--- START ---
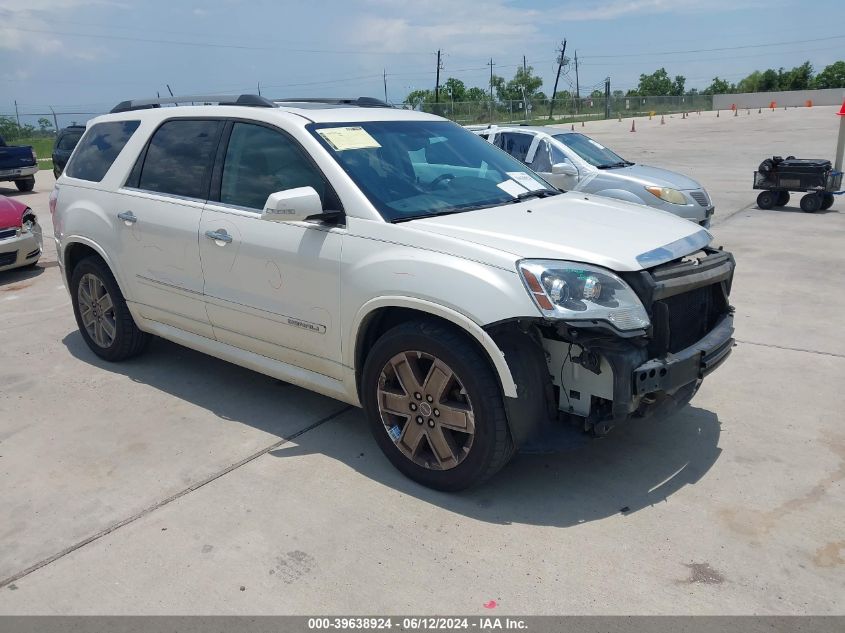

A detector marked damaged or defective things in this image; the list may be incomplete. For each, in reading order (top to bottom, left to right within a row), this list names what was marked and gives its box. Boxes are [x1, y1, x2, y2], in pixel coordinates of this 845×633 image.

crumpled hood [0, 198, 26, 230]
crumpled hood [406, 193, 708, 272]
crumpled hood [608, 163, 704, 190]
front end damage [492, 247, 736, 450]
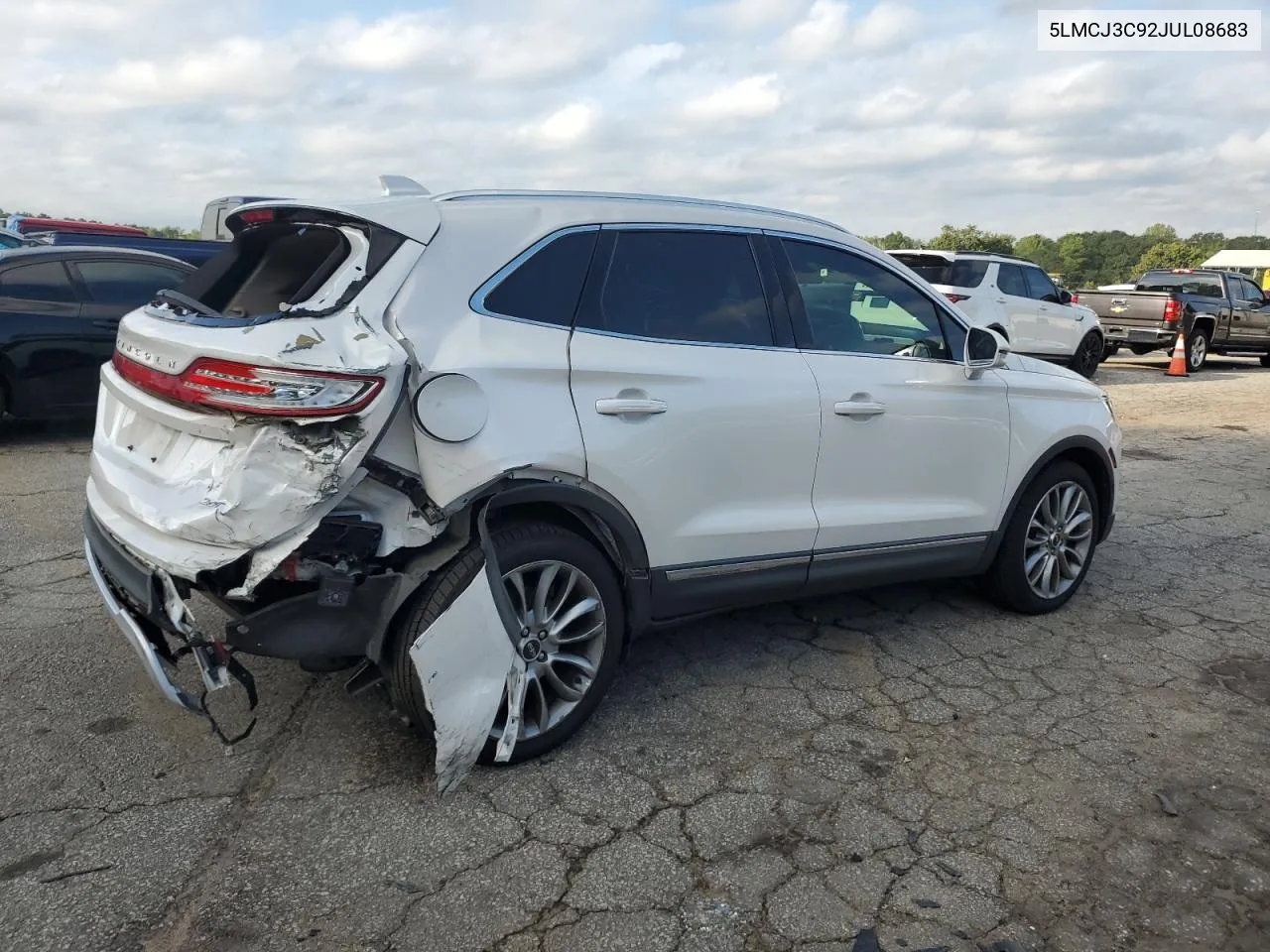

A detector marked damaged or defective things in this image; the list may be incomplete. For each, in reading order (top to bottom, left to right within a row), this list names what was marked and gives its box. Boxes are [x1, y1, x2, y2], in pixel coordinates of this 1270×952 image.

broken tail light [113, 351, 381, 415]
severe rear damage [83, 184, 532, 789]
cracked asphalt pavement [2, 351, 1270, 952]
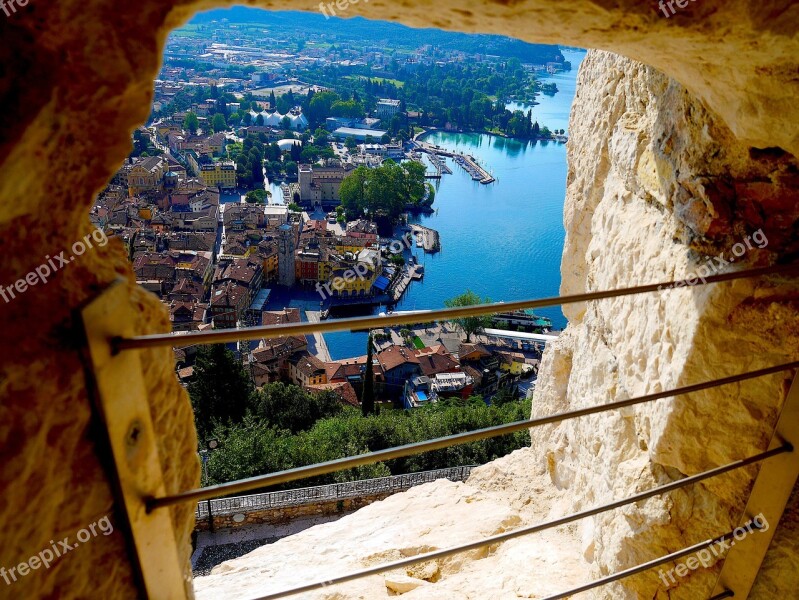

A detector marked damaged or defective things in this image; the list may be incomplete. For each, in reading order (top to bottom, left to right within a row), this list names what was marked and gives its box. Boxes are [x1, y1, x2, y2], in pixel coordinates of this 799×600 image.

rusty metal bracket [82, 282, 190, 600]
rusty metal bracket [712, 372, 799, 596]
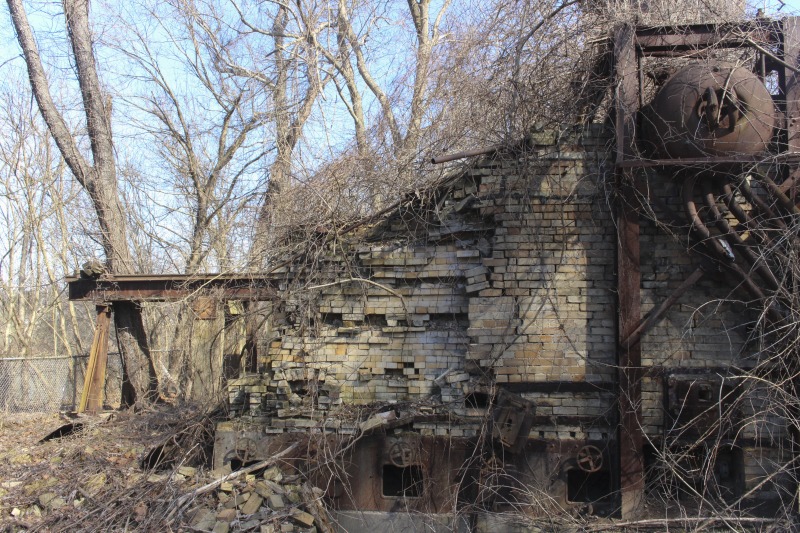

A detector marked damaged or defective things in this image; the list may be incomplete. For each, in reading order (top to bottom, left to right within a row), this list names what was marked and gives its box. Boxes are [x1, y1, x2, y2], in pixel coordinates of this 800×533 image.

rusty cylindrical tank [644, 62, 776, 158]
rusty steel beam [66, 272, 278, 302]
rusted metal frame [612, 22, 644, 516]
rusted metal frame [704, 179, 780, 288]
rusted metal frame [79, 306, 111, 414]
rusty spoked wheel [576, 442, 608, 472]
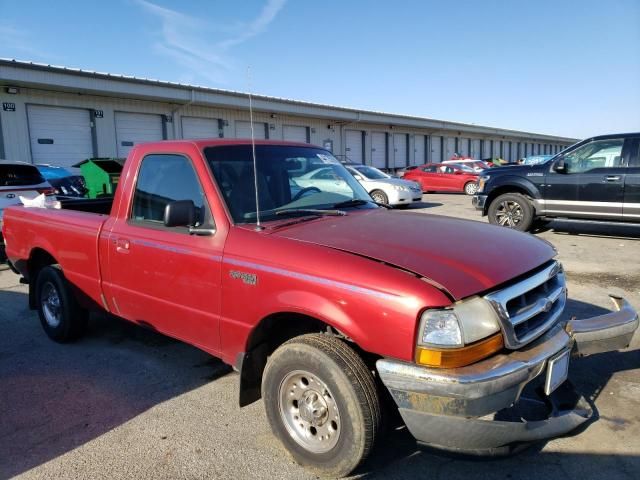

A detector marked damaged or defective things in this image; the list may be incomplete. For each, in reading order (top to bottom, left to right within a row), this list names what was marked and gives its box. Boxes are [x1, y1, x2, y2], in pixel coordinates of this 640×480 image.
--- END ---
Retype all the entries exactly; drop the pictures.

A detector marked damaged or defective things in this image; the list may be incomplete. For each, in reading order (top to bottom, left to right within a row), this list names what was marked and gives its box. Boxes are [x1, y1, x2, y2], in pixel coordinates of this 845×633 image.

crumpled hood [0, 198, 26, 230]
crumpled hood [406, 193, 708, 272]
crumpled hood [608, 163, 704, 190]
front end damage [492, 247, 736, 450]

A detector marked damaged or defective things in this image; the list may be incomplete. For each, in reading order (top to bottom, left to right within a row), this list names what was marked and gives its box. Boxes are [x1, y1, x2, y2], in pixel coordinates of this 1270×952 image.

broken tail light [113, 351, 381, 415]
severe rear damage [83, 184, 532, 789]
cracked asphalt pavement [2, 351, 1270, 952]

A detector marked damaged or defective things in this image; the list may be incomplete. For each, in reading order (top to bottom, left to right within a row), this list names what was marked and gives its box. Boxes are [x1, y1, x2, y2], in pixel coordinates of this 799×600 image.

rusty metal bracket [82, 282, 190, 600]
rusty metal bracket [712, 372, 799, 596]

A detector marked damaged or defective things in this image; the list may be incomplete. For each, in reading order (top to bottom, left to right within a row), this list names what was marked and gives its box. Boxes are [x1, y1, x2, y2], in pixel coordinates of this 800×533 image.

rusty cylindrical tank [644, 62, 776, 158]
rusty steel beam [66, 272, 278, 302]
rusted metal frame [612, 22, 644, 516]
rusted metal frame [704, 179, 780, 288]
rusted metal frame [79, 306, 111, 414]
rusty spoked wheel [576, 442, 608, 472]

A detector marked damaged or defective things in this image; the list may be incomplete. For each, in reading order (top to bottom, left to right within a row), this list names what was marked and gives its box. Boxes are [x1, y1, x2, y2], in pixel coordinates of this 640×480 image.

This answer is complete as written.